### Supplied records
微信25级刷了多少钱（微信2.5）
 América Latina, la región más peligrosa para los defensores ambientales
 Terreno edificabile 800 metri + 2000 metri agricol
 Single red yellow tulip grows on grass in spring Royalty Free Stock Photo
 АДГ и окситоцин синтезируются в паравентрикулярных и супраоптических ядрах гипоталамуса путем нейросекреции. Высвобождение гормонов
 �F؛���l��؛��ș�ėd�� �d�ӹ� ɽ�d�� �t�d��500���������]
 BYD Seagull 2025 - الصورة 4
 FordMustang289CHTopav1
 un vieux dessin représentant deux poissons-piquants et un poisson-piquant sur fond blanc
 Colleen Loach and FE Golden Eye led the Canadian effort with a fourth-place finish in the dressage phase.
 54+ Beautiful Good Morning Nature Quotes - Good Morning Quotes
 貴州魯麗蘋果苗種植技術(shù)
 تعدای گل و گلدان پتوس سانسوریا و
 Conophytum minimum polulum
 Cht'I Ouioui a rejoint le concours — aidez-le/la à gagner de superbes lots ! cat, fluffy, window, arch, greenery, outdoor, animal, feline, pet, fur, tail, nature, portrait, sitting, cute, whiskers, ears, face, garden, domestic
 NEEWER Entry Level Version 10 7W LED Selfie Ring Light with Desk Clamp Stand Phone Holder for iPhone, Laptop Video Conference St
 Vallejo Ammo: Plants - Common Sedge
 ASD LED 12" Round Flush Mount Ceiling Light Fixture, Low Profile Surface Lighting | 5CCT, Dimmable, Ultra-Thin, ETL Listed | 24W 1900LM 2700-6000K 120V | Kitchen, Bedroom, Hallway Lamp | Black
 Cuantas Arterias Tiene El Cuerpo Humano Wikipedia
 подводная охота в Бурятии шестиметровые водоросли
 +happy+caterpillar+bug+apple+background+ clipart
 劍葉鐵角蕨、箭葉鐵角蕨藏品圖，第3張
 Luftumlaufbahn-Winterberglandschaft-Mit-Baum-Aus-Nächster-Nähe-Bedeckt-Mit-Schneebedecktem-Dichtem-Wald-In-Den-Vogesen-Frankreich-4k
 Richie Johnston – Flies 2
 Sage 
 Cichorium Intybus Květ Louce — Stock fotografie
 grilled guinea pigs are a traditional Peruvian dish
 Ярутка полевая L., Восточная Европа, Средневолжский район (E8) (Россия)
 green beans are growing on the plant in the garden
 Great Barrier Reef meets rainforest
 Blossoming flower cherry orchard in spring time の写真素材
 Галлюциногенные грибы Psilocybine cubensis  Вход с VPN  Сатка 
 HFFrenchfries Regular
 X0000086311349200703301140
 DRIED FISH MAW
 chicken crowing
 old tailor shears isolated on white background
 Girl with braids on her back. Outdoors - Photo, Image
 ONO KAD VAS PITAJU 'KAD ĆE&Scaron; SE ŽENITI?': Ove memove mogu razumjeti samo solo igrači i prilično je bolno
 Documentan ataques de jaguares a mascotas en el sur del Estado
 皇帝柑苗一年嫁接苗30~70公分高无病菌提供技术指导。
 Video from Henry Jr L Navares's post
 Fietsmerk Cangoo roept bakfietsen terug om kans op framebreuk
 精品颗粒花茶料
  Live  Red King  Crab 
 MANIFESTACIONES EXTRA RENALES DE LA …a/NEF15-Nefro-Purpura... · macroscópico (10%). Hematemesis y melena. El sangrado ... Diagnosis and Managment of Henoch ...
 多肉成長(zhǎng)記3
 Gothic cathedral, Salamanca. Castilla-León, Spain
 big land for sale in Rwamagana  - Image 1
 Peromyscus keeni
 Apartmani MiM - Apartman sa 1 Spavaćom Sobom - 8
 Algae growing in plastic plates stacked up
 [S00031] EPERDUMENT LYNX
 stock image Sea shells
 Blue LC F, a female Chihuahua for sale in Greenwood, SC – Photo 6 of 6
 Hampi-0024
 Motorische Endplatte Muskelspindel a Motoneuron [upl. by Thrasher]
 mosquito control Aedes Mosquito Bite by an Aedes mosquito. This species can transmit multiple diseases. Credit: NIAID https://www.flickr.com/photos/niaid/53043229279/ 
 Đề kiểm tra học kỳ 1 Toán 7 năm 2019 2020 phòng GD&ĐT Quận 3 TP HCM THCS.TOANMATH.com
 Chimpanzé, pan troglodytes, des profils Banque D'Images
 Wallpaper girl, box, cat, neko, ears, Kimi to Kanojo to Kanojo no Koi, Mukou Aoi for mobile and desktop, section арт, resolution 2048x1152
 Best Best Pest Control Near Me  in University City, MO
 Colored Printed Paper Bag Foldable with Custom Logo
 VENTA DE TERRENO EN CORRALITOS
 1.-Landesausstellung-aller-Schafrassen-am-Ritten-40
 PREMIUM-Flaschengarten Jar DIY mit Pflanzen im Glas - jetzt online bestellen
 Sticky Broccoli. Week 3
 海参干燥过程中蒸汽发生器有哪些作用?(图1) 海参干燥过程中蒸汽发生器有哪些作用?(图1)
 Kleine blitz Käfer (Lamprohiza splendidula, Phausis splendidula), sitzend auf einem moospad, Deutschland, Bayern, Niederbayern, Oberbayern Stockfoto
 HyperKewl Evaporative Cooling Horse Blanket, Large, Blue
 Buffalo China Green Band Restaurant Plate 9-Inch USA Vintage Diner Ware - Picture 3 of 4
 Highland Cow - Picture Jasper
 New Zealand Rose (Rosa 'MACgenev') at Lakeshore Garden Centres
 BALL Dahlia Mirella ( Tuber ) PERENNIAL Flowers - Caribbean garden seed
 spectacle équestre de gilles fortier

### Exercise instructions
Could you transcribe the entries above word for word, from the line with "подводная охота в" down to the line with "Cichorium Intybus Květ", keeping both?

### Result for this exercise
 подводная охота в Бурятии шестиметровые водоросли
 +happy+caterpillar+bug+apple+background+ clipart
 劍葉鐵角蕨、箭葉鐵角蕨藏品圖，第3張
 Luftumlaufbahn-Winterberglandschaft-Mit-Baum-Aus-Nächster-Nähe-Bedeckt-Mit-Schneebedecktem-Dichtem-Wald-In-Den-Vogesen-Frankreich-4k
 Richie Johnston – Flies 2
 Sage 
 Cichorium Intybus Květ Louce — Stock fotografie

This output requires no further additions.